For kSAT, so far, the best refutation algorithms work when the density is about n^{k/2}, and, for even k, the idea of such algorithms also leads to an algorithm to verify the quasirandomness of random k-hypergraphs.

Translated to the hypergraph setting, the algorithm is as follows. Given a k-hypergraph (even k) with n vertices and about n^{k/2} hyperdges, we create a graph with n^{k/2} vertices, one per k/2-tuple. Each k-hyperedge is associated to an edge in the graph (by splitting, say, randomly, the k-tuple into two k/2-tuples).
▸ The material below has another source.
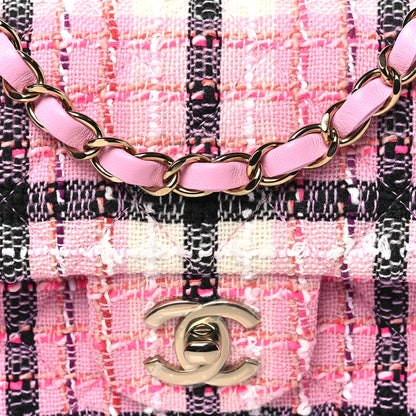 Chanel Metallic Tweed Quilted Mini Rectangular Flap Pink Navy White 8 of 10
One can see that if the graph is \epsilon-quasirandom, then the hypergraph is O(\epsilon)-quasirandom. (The contrapositive is easier to prove, suppose the hypergraph is not quasirandom, let S_1,\ldots,S_k be the sets that witness that the quasirandomness property is contradicted; then the sets (S_1 \times \cdots \times S_{k/2}) and (S_{k/2+1} \times \cdots \times S_k) contradict the quasirandomness of the graph.) If the hypergraph is randomly generated, then the graph is randomly generated, and we can use spectral techniques to verify its quasirandomness.

For odd k, there are algorithms that certify the unsatisfiability of random kSAT formulas with about n^{k/2} clauses; as far as I know, the analogous result is open for hypergraphs. (The kSAT algorithms use properties of kSAT that have no analog in the general hypergraph setting, such as the fact that an assignment that satisfies both (x\vee y\vee q) and (\neg q \vee w\vee z) must also satisfy (x \vee y \vee w \vee z).
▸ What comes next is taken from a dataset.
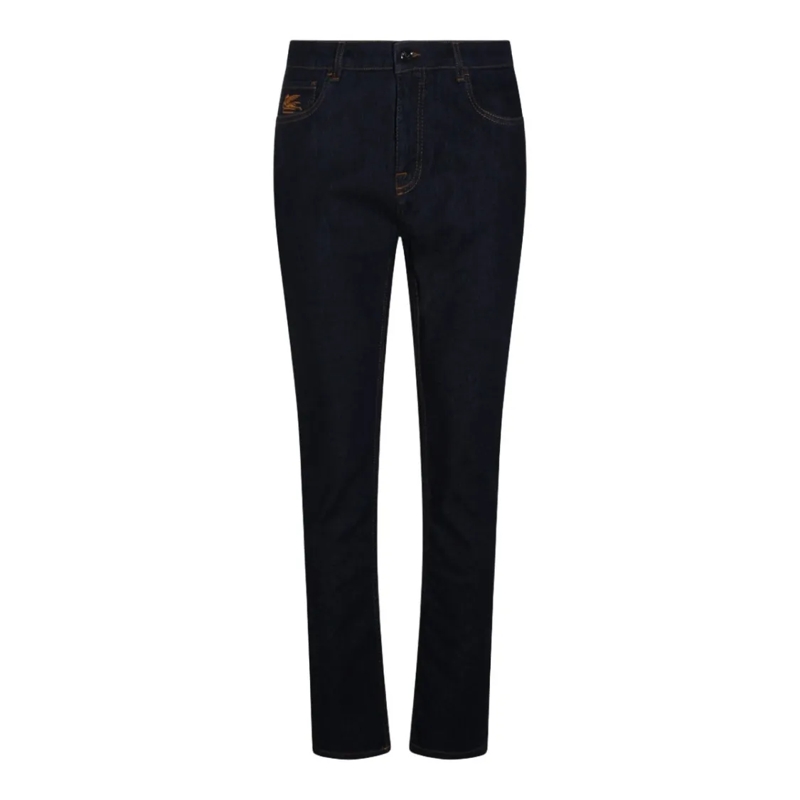 Etro Jeans Straight Cut Blue Denim Jeans Blue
Substantial work has gone into proving limitations of spectral methods for the problem of certifying the unsatisfiability of random instances of kSAT. Bounds at least as good as those obtained by spectral methods can always be obtained by formulating a semidefinite programming (SDP) relaxation of the given problem, and there are several results showing that even very powerful SDP relaxations of kSAT cannot certify unsatisfiability even for fairly large densities (see e.g. this paper), and the hypergraph quasirandomness problem is only harder. Still, it is plausible that one can verify the quasirandomness of a random hypergraph with at least n^{1+\epsilon} hyperedges, for all \epsilon>0. At least, the problem should be solvable in 3-hypergraphs with n^{1.5} hyperedges.